◆ Exercise goal: Look below for the line with "Electric water heater horizontal 50 l, Nobel" and the line with "Citroën C3 Aircross (2022) — foto 1"; repeat exactly those two lines and all lines between them, but no pictures.

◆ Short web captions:
▶
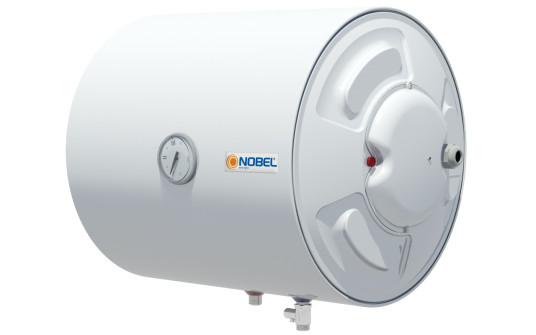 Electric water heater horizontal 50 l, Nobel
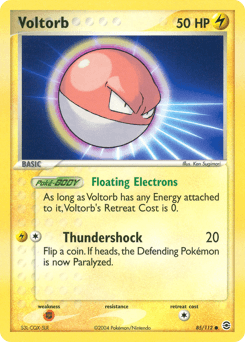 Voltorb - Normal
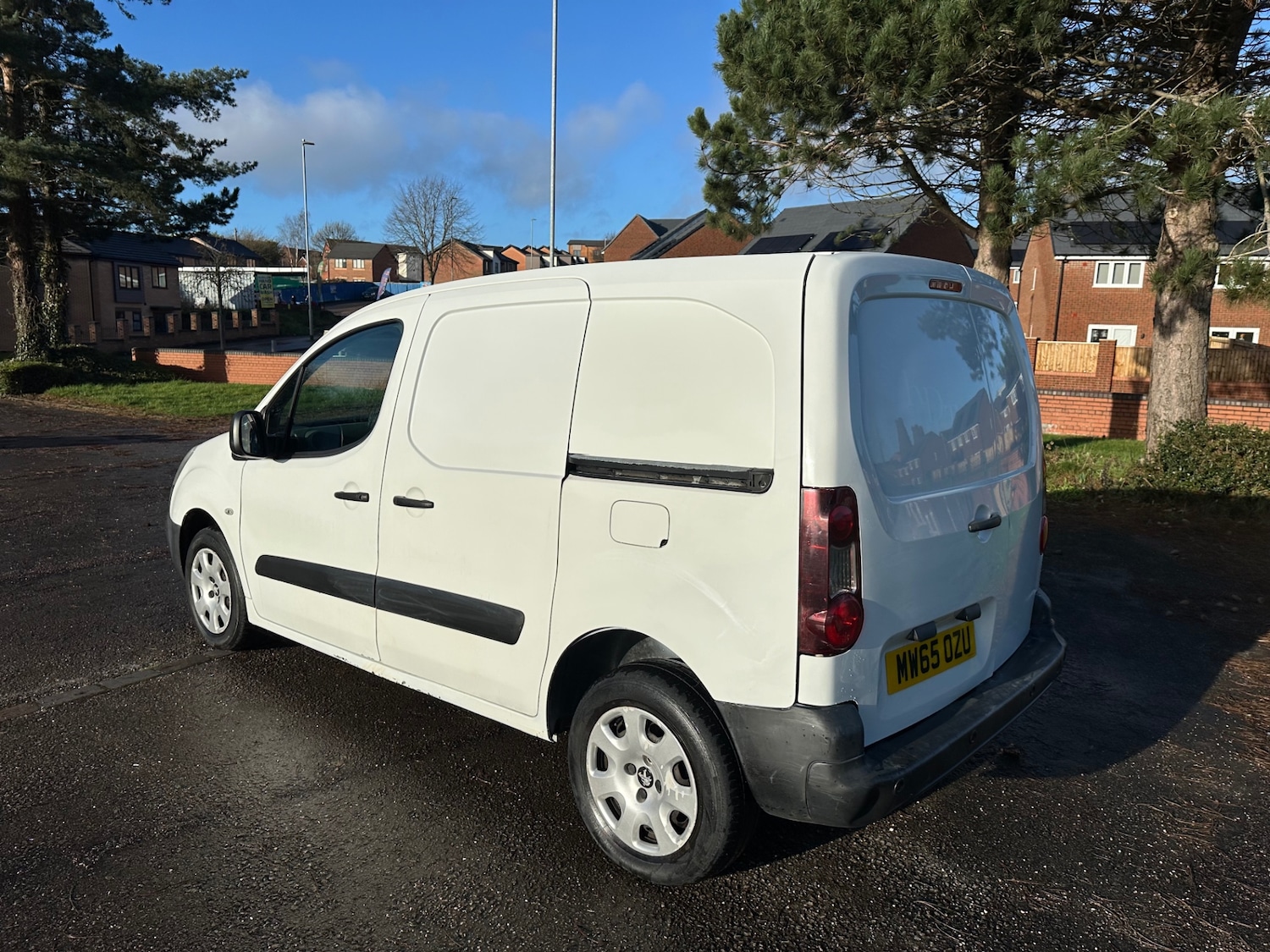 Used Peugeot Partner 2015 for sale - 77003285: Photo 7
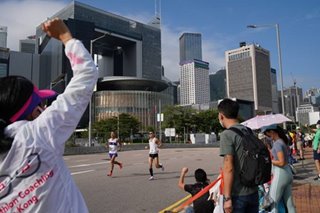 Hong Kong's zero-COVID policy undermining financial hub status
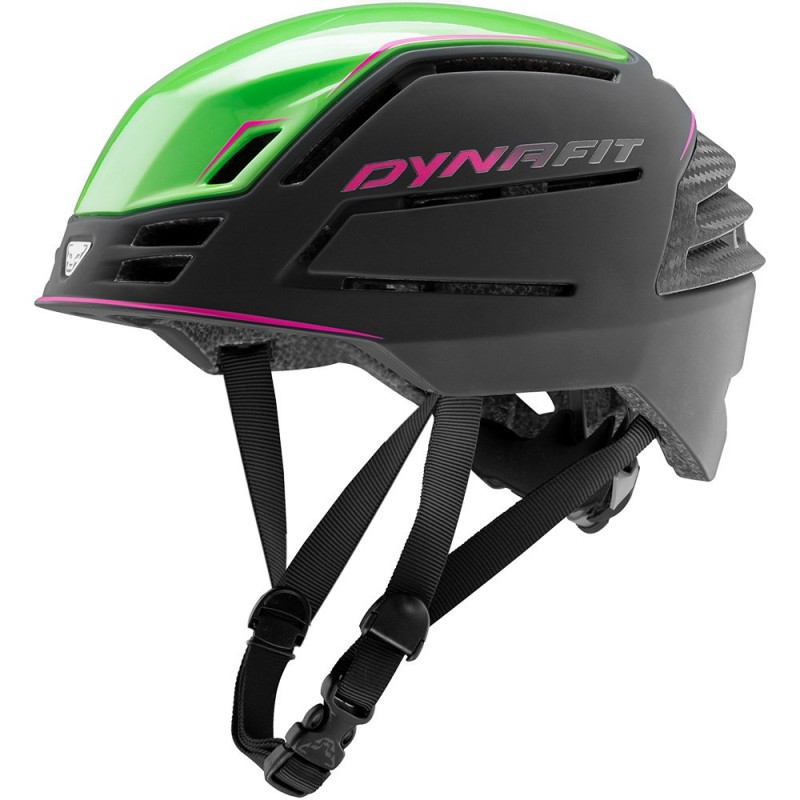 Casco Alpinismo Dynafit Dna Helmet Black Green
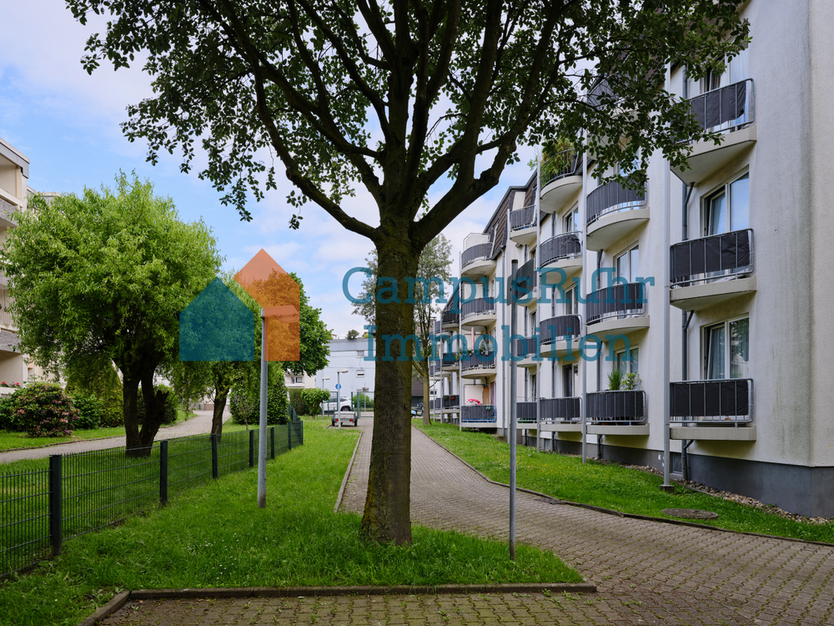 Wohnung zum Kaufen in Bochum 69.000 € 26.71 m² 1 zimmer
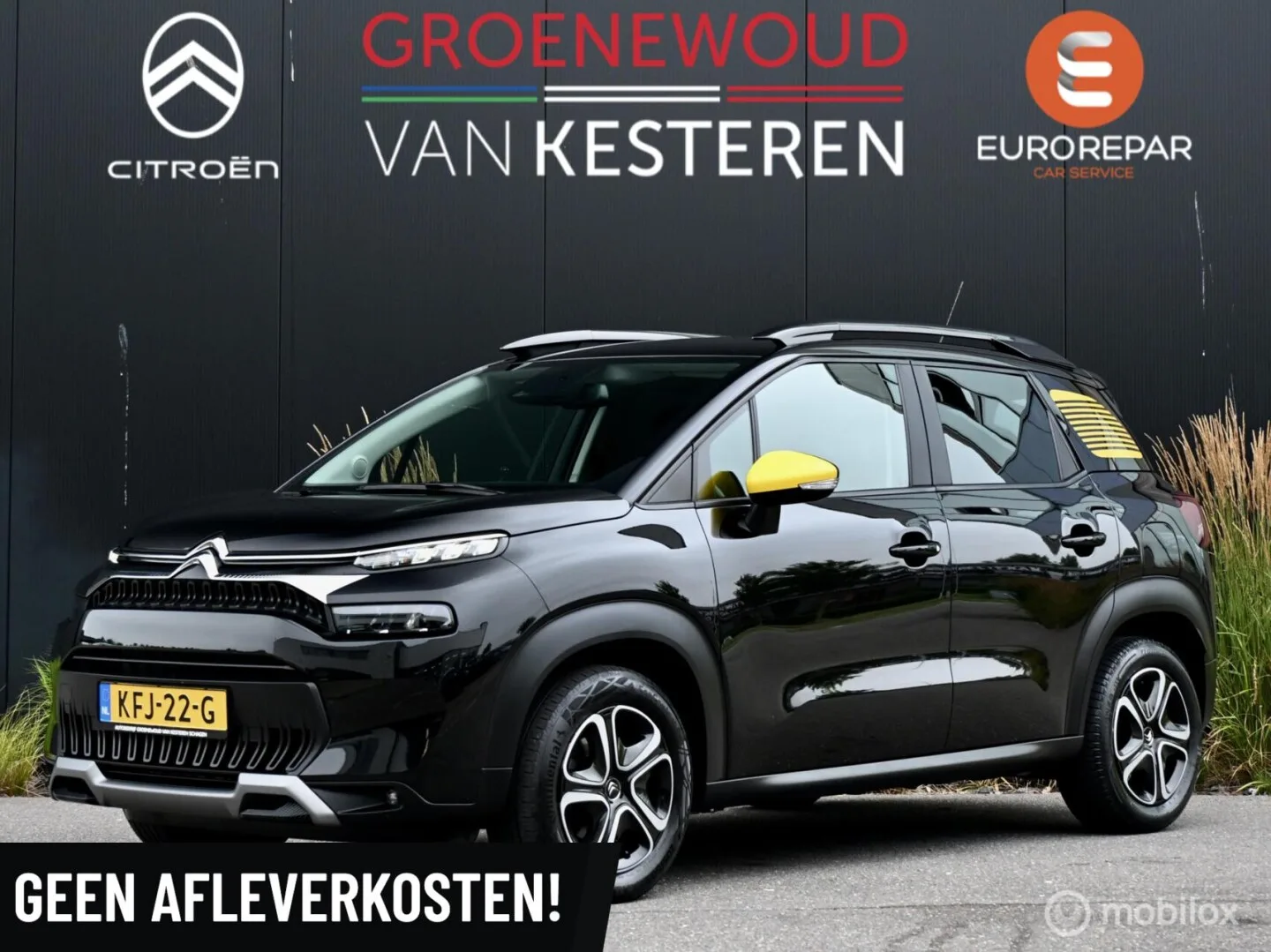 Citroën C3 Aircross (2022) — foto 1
◀
▶
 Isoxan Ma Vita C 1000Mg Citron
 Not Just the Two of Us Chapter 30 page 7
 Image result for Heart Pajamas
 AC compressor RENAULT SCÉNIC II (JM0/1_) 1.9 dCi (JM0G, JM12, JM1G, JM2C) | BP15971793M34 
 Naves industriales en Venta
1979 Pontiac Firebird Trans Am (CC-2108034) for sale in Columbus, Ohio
◀
▶
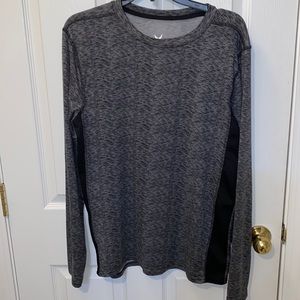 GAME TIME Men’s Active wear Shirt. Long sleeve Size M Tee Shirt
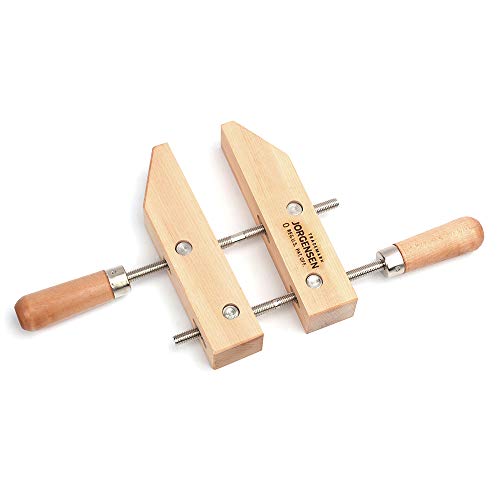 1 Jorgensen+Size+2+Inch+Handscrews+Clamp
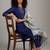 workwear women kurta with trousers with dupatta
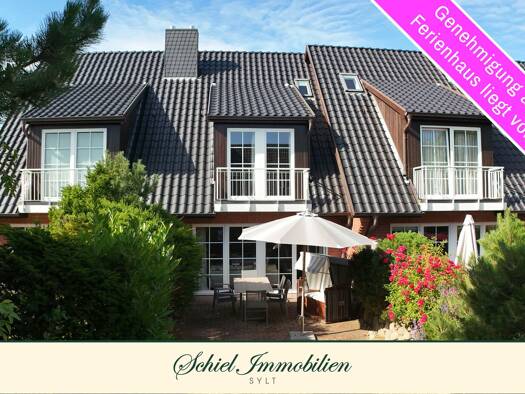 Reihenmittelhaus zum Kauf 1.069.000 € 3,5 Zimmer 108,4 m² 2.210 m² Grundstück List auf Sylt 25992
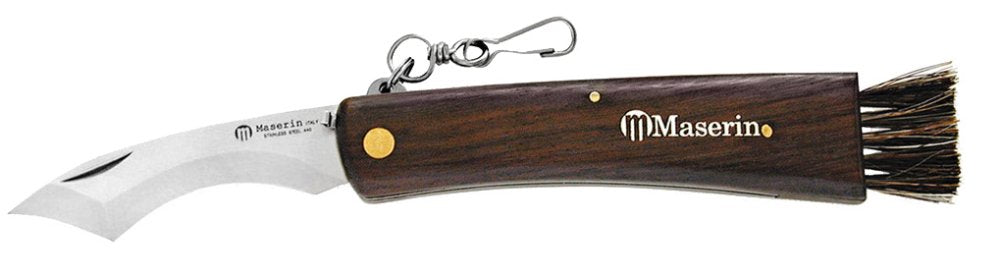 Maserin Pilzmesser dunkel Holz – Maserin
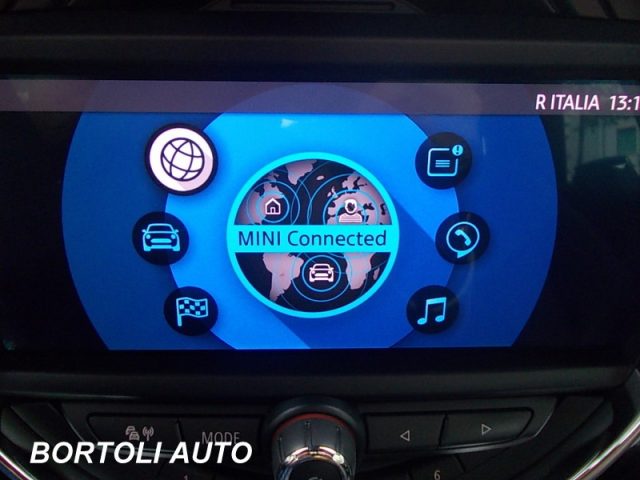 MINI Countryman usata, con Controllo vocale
◀
◆ Output:
 Electric water heater horizontal 50 l, Nobel
 Voltorb - Normal
 Used Peugeot Partner 2015 for sale - 77003285: Photo 7
 Hong Kong's zero-COVID policy undermining financial hub status
 Casco Alpinismo Dynafit Dna Helmet Black Green
 Wohnung zum Kaufen in Bochum 69.000 € 26.71 m² 1 zimmer
 Citroën C3 Aircross (2022) — foto 1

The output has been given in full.